Judge Denies New York Fed Employee Whistleblower Protection Over Firing

By Jonathan Stempel | April 24, 2014

A federal judge on Wednesday dismissed a lawsuit against the Federal Reserve Bank of New York by a former bank examiner who claimed the Fed fired her after she refused to change certain findings about Goldman Sachs Group Inc.

U.S. District Judge Ronnie Abrams in Manhattan ruled that the failure by the former examiner, Carmen Segarra, to connect her disclosure of Goldman’s alleged violations to her May 2012 firing was “fatal” to her whistleblower lawsuit. Abrams also said Segarra could not file an amended lawsuit.

“Congress sought to protect employees of banking agencies … who adequately allege that they have suffered retaliation for providing information regarding a possible violation of a ‘law or regulation,’” the judge wrote. “Plaintiff has not done so.”

Segarra’s findings that Goldman’s conflict-of-interest practices may have violated merely an “advisory letter” that did not carry the force of law did not entitle her to whistleblower protection under the Federal Deposit Insurance Act, Abrams said.

Linda Stengle, a lawyer for Segarra, did not immediately respond to requests for comment.

Jack Gutt, a New York Fed spokesman, declined to comment. The New York Fed has said its personnel decisions are based exclusively on job performance and subject to thorough review.

EL PASO

Segarra said she joined the New York Fed in October 2011, after previously working as a lawyer at Bank of America Corp and Citigroup Inc.

She said that at the New York Fed, her legal compliance and risk team had initially voted to downgrade Goldman’s annual rating for policies and procedures, after she had determined that the bank had no companywide conflict of interest policy.

She said her boss, Michael Silva, and his deputy, Michael Koh, became concerned that a downgrade could cause clients to stop doing business with the Wall Street bank, the lawsuit said.

According to the complaint, Segarra’s review included the roughly $23 billion takeover of pipeline company El Paso Corp by Kinder Morgan Inc. Goldman advised El Paso on the 2012 merger despite holding a big stake in Kinder Morgan.

Silva, Koh and another supervisor, Johnathon Kim, were also defendants in Segarra’s lawsuit, and Abrams dismissed claims against them. Goldman was not a defendant. A bank spokesman, Michael DuVally, declined to comment.

JUDGE-SHOPPING

In her ruling on Wednesday, Abrams also rejected a move by Stengle for greater disclosure by the judge about her husband’s relationship with Goldman Sachs.

Abrams disclosed on April 3 that she had just learned that her husband, Greg Andres, a partner at Davis Polk & Wardwell, was representing Goldman in an advisory capacity.

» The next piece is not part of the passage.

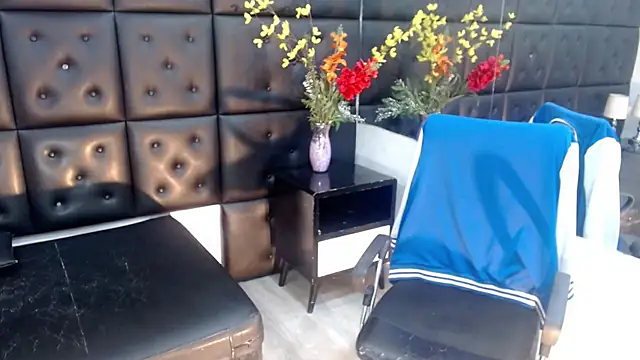 Snapshot of ChrisHott01 chatting on December 16, 2025, 2:16 am ChrisHott01 online show from December 16, 2025, 2:16 am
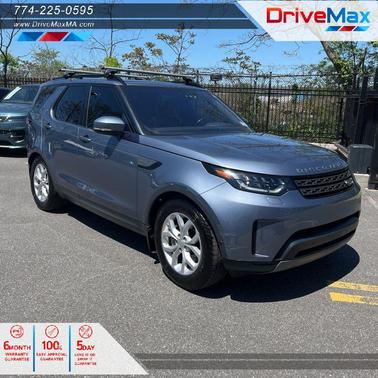Gray 2019 Land Rover Discovery SE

Stengle said at the time she would not seek Abrams’ recusal, the judge said, and went ahead the next day with scheduled oral arguments on the defendants’ bid to dismiss the case.

But on April 11, Stengle made a written request for a “more complete disclosure” of Andres’ relationship with Goldman, and Abrams’ own working relationship with another defense lawyer.

Abrams said that was too late, given that Segarra by then would have had a chance to “sample the temper of the court” and perhaps anticipate she would lose unless Abrams recused herself.

“The timing of plaintiff’s requests suggests that she is engaging in precisely the type of ‘judge-shopping’ the 2nd Circuit has cautioned against,” Abrams wrote, referring to the federal appeals court in New York. “Such an attempt to engage in judicial game-playing strikes at the core of our legal system.”

Susan Peters, a Davis Polk spokeswoman, did not immediately respond to requests for comment.

The case is Segarra v. Federal Reserve Bank of New York et al, U.S. District Court, Southern District of New York, No. 13-07173.